Print version ISSN 0100-736XOn-line version ISSN 1678-5150

Pesq. Vet. Bras. vol.35 no.1 Rio de Janeiro Jan. 2015

https://doi.org/10.1590/S0100-736X2015000100001 

Livestock Diseases

Expression of CD14 and toll-like receptors 2 and 4 by milk neutrophils in bovine mammary glands infected with Corynebacterium bovis1

Expressão de CD14 e dos receptores do tipo toll 2 e 4 por neutrófilos lácteos provenientes de glândulas infectadas por Corynebacterium bovis.

Maiara G. Blagitz 2   * 

Fernando N. Souza 3  

Camila F. Batista 2  

Bruna P. Santos 2  

Andrea C. Parra 2  

Luis Fernando F. Azevedo 2  

Alice M.M.P. Della Libera 2  

2Departamento de Clínica, Faculdade de Medicina Veterinária e Zootecnia (FMVZ), Universidade de São Paulo (USP), Av. Prof. Dr. Orlando Marques de Paiva 87, Cidade Universitária, São Paulo, SP 05508-270, Brazil. E-mail: dellalibera@usp.br

3Departamento de Medicina Veterinária Preventiva, Escola de Veterinária, Universidade Federal de Minas Gerais (UFMG), Avenida Antônio Carlos 6627, Cx. Postal 567, Pampulha, Belo Horizonte, Minas Gerais, MG 31270-010, Brazil.


ABSTRACT

This study evaluated the expression of CD14, toll-like receptor (TLR) 2 and TLR4 on the surface of milk neutrophils in bovine mammary glands infected with Corynebacterium bovis. Here, we used 23 culture-negative control quarters with no abnormal secretion on the strip cup test and milk somatic cell count lower than 1x105 cells/mL, and 14 C. bovis infected quarters. The identification of neutrophils, as well as, the percentage of neutrophils that expressed CD14, TLR2 and TLR4 were analyzed by flow cytometry using monoclonal antibodies. The present study encountered no significant difference in the percentages of milk neutrophils that expressed TLR2 and TLR4 or in the expression of TLR4 by milk neutrophils. Conversely, a lower median fluorescence intensity of TLR2 in milk neutrophils was observed in C. bovis-infected quarters. The percentage of neutrophils that expressed CD14 and the median fluorescence intensity of CD14 in milk neutrophils was also lower in C. bovis-infected quarters.

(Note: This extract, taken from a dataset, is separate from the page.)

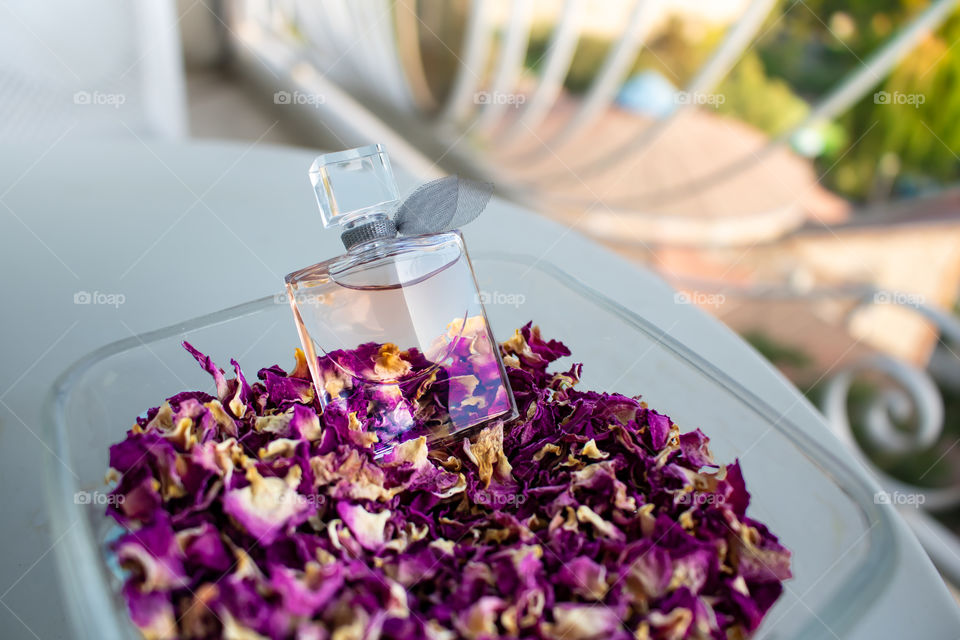 simple tiny perfume on a bed of dried flower petals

Key words: Immune response; pattern recognition receptor; mastitis; milk; polymorphonuclear neutrophil leukocyte

RESUMO

O presente estudo objetivou avaliar alterações na expressão de CD14, e dos receptores do tipo toll (TLR) 2 e 4 na superfície de neutrófilos lácteos provenientes de glândulas mamárias infectadas por Corynebacterium bovis. O presente estudo utilizou 23 quartos negativos no exame bacteriológico, sem alterações na prova de fundo escuro e com contagem automática de células somáticas menor que 1 x105 células/mL, e 14 quartos mamários infectados por C. bovis A identificação de neutrófilos, assim como a porcentagem de neutrófilos lácteos que expressaram CD14, TLR2 e 4 foram avaliadas por citometria de fluxo utilizando anticorpos monoclonais. A porcentagem de neutrófilos que expressaram TLR2 e TLR4 nos quartos mamários infectados por C. bovis não diferiu dos quartos mamários sadios, assim como na expressão de TLR4. No entanto, a intensidade de fluorescência do TLR2 na superfície dos neutrófilos foi menor nos quartos mamários infectados por C. bovis. A porcentagem de neutrófilos que expressaram CD14 e a intensidade de fluorescência da molécula de CD14 foi menor na superfície dos neutrófilos lácteos dos quartos infectados por C. bovis.

Palavras-Chave: Resposta imune; receptores de reconhecimento padrão; mastite; leite; leucócitos polimorfonucleares.

Introduction

Corynebacterium bovis is one of the most common bacteria isolated from milk samples that are submitted for the identification of intramammary infection (IMI)-causing pathogens around the world (Haltia et al. 2006, Tenhagen et al. 2006, Souza et al. 2009). Despite its high prevalence, C. bovis is regarded as a minor pathogen with limited clinical significance (Huxley et al. 2004) and has previously been regarded as a commensal organism (Brooks & Barnum 1984). This bacterium colonizes the teat canal region but can also be isolated from the teat cistern, gland cistern and mammary parenchyma (Benites et al. 2003). Furthermore, although the mean milk somatic cell count (MSCC) recorded for milk samples from which C. bovis is isolated is relatively low, the value is higher than the mean MSCC recorded for samples yielding no growth (Djabri et al. 2002).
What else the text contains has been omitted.